No Use To Worry
This morning at 8am I will finally have my long-awaited myelogram. This is a diagnostic imaging test that uses a contrast dye and CT scan to look for problems in the spinal canal. This procedure should reveal anything developing in my spinal cord, nerve roots, and other tissues. All I really know is I need to discover what’s really changed in my back. Unfortunately, my stimulator implant doesn’t allow me to have an MRI so this is the route I must go for further discovery.
Out of all the testing I’ve done in the past, this one just means a little more. One, I’m hoping that everything still looks good with my spinal cord stimulator. Two, I’m hoping nothing major has gone on with one of my vertebrae above or below my L5 S1 fusion. Three, I’m just hoping there are no crazy discoveries they find that demand a long road towards further healing.

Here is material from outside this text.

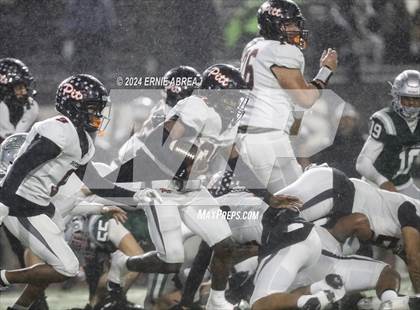 Thumbnail 2 in De La Salle vs. Pittsburg  (CIF NCS Open Final) photogallery.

At the end of the day, I realize my worrying changes nothing. So, I’m just praying God’s will is done in my life. I’m praying God reveals clearly what needs to be revealed. I’m praying God gives me courage and strength to face whatever is discovered.
This is just one more step in my faith journey. I will be at the hospital much of the day. But, I will leave with a copy of my myelogram results from 2018 and 2023. Don’t know if I will be able to understand them or compare them myself. But, next week I follow up with my pain specialist for further explanations.
Pray that my back pain stays under control. I will have to lay flat for several hours. I will be without my heating pads and some medications. I will be glad to get this behind me.
“Who of you by worrying can add a single hour to your life? Since you cannot do this very little thing, why do you worry about the rest?”